→ Exercise brief
From the records that follow, return exactly the lines beginning at the one that contains "Group shot showing" and ending at the one that contains "Boho tassel cotton", pictures left out.

Dataset records Start Marker

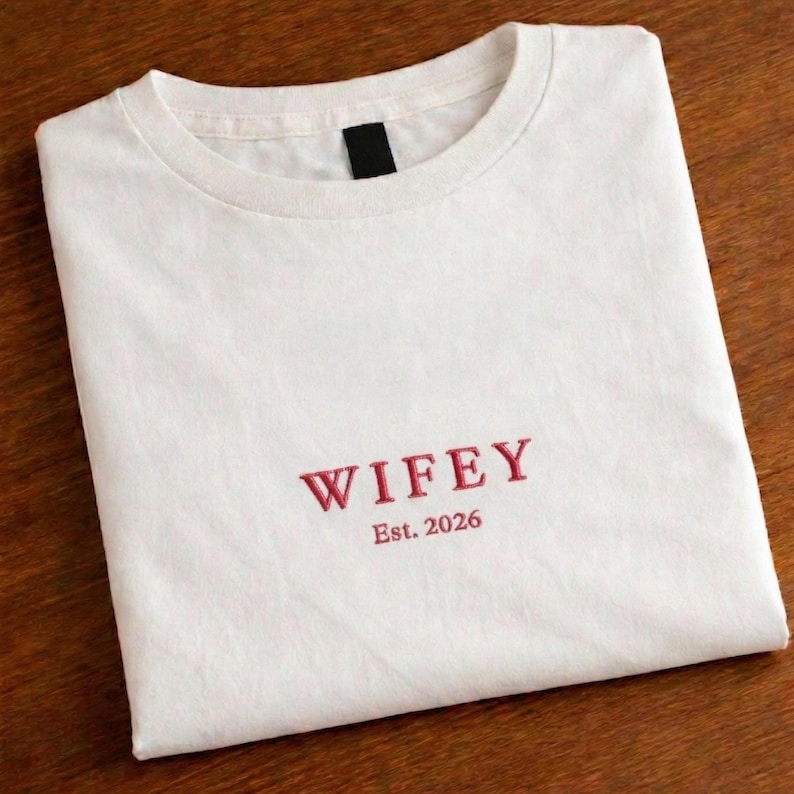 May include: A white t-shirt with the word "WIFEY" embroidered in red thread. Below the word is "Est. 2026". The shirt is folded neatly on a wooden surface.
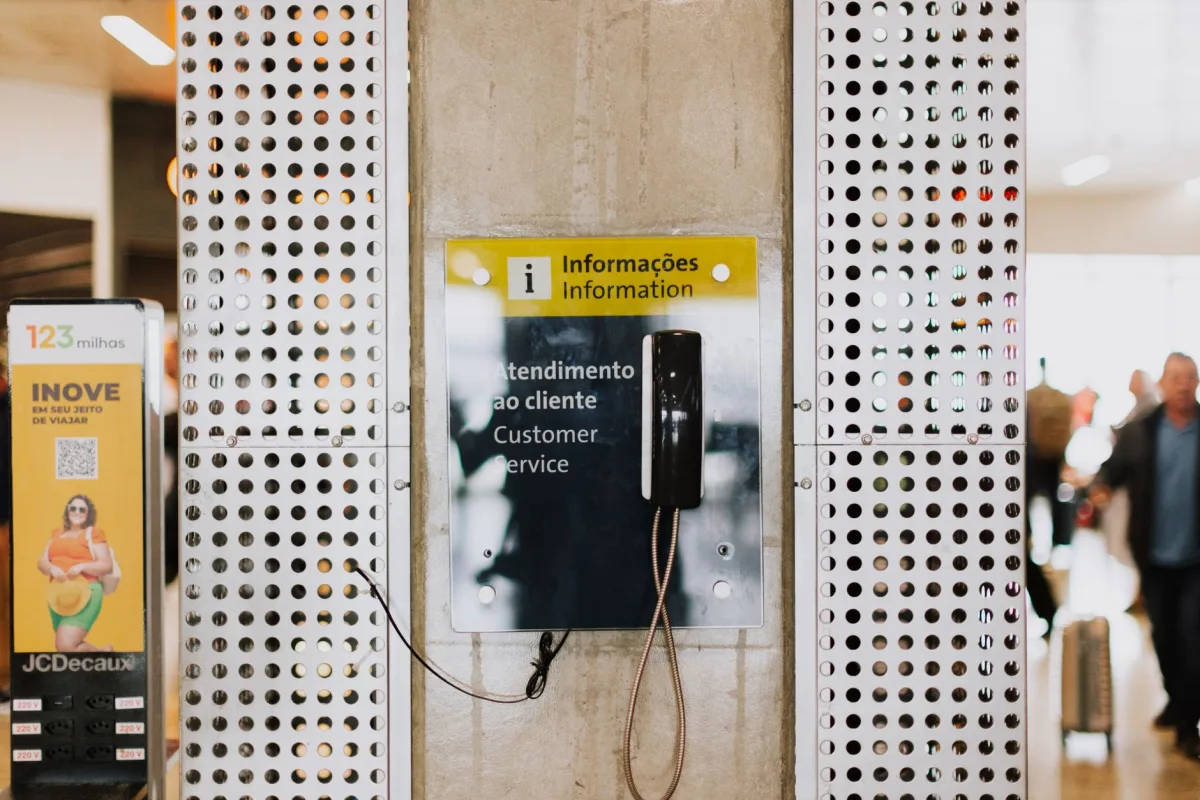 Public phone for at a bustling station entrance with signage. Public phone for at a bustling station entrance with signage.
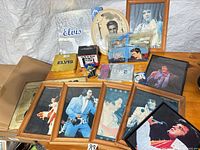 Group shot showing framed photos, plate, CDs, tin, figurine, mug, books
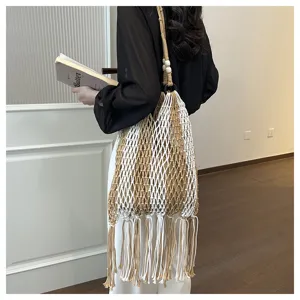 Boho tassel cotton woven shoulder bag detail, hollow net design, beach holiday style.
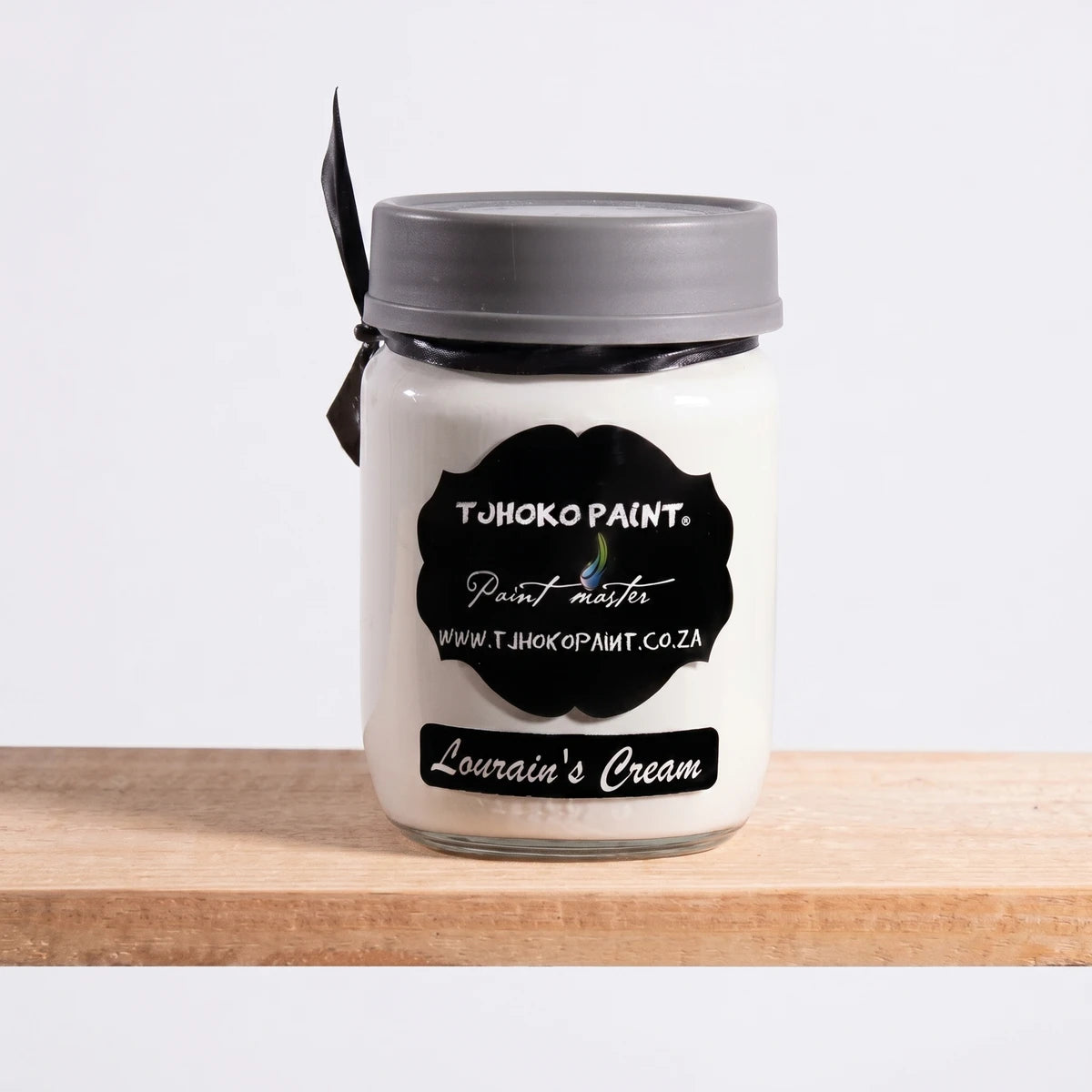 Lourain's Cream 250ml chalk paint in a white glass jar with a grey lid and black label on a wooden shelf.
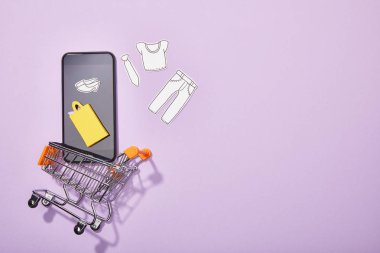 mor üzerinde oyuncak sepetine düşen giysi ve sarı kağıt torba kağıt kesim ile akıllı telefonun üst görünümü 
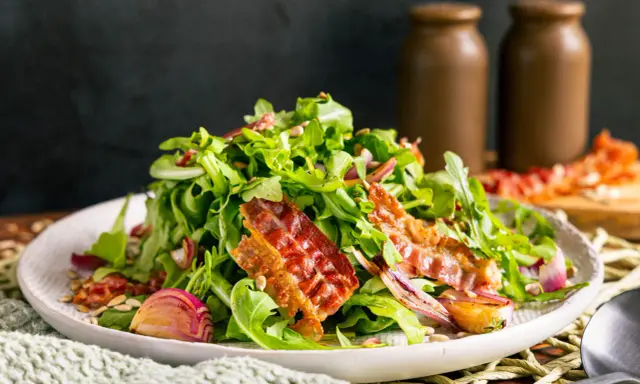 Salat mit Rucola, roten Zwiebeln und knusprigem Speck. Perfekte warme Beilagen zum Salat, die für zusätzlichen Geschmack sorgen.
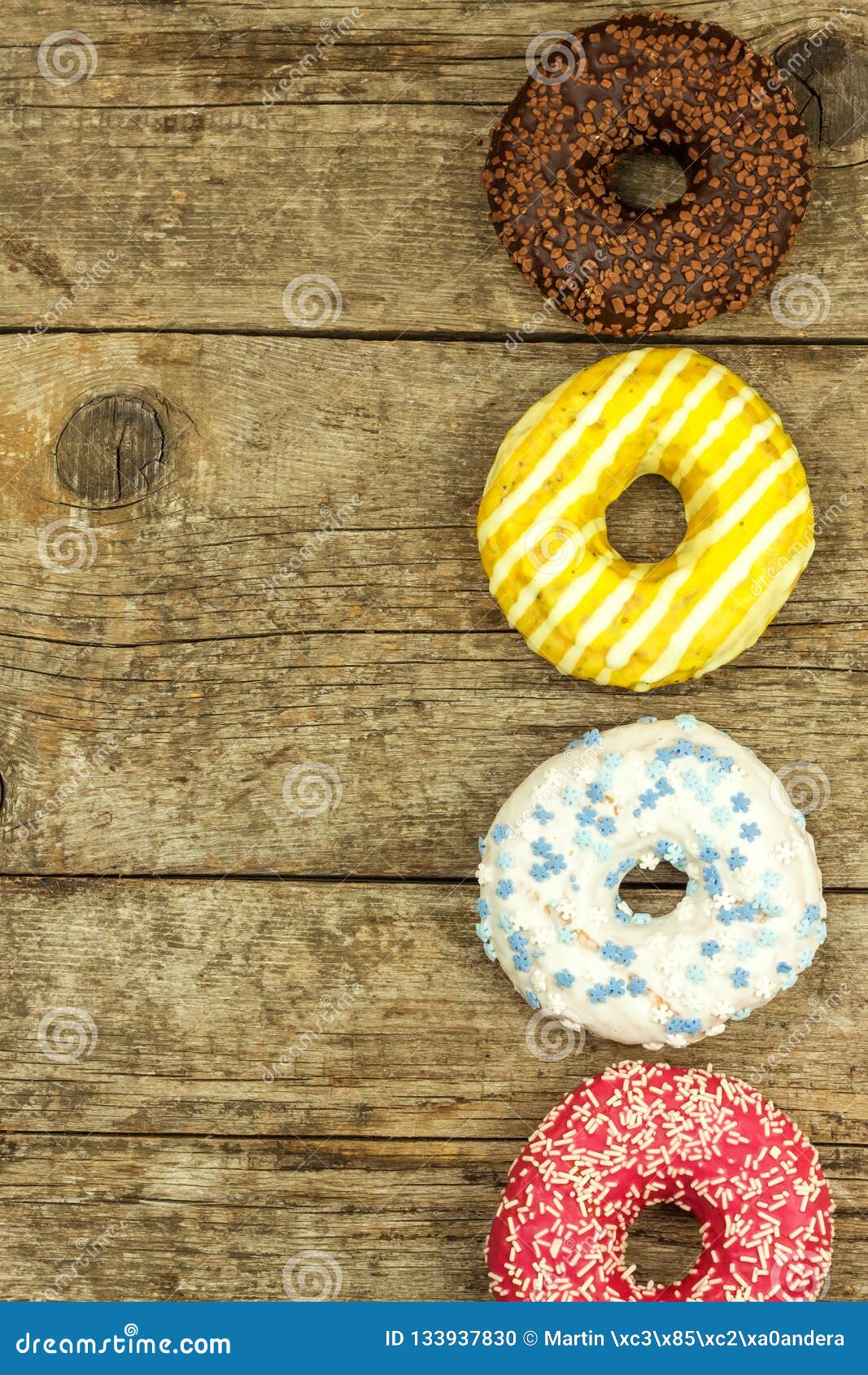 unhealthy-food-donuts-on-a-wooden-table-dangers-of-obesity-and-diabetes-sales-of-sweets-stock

Dataset records End Marker
Dataset records Start Marker

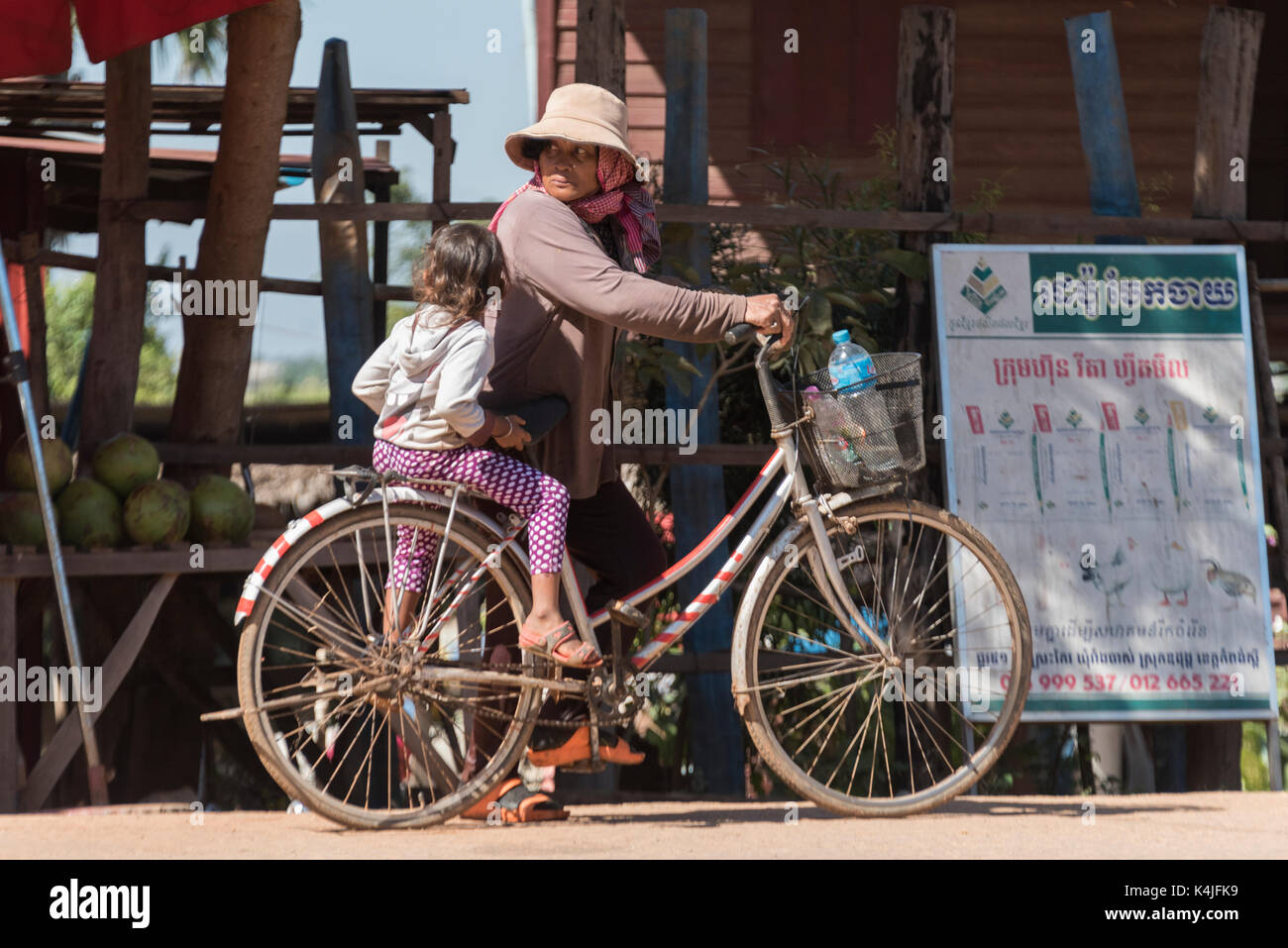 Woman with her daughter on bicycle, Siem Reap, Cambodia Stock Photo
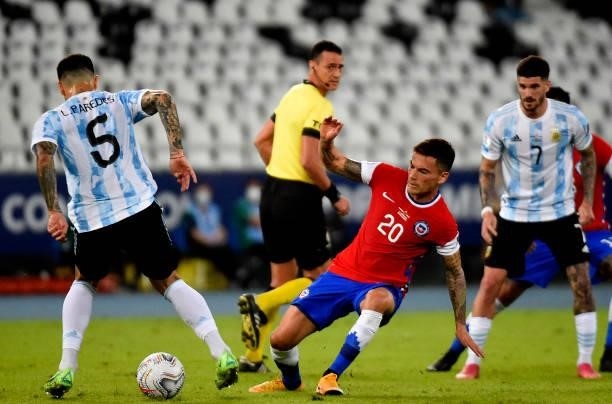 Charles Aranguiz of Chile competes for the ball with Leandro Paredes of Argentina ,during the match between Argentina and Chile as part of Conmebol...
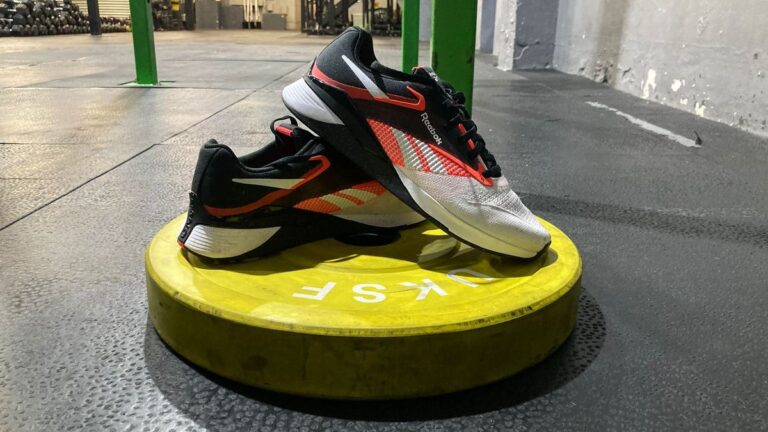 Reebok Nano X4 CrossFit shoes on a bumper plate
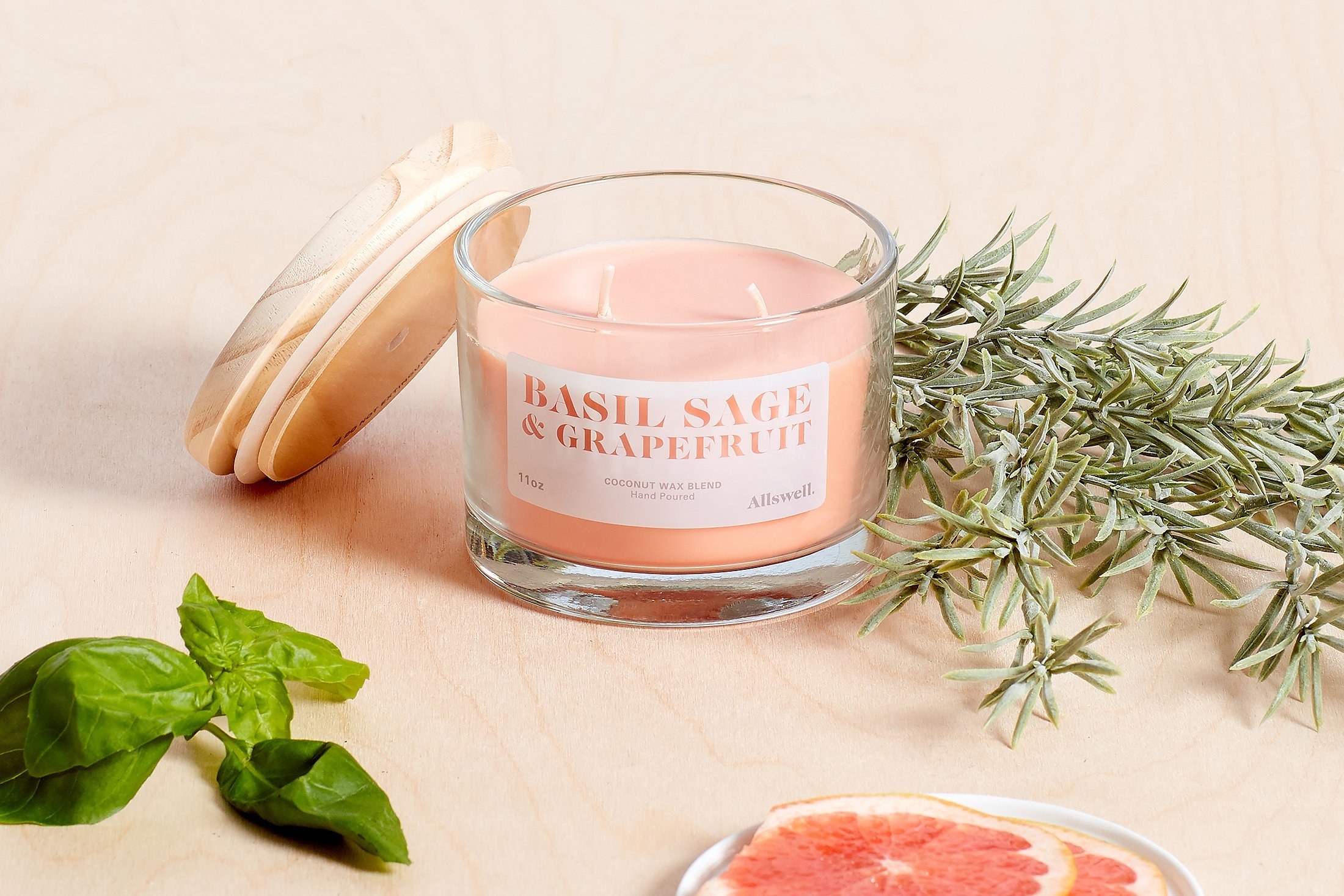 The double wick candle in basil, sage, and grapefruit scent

Dataset records End Marker

→ Response to this task
 Group shot showing framed photos, plate, CDs, tin, figurine, mug, books
 Boho tassel cotton woven shoulder bag detail, hollow net design, beach holiday style.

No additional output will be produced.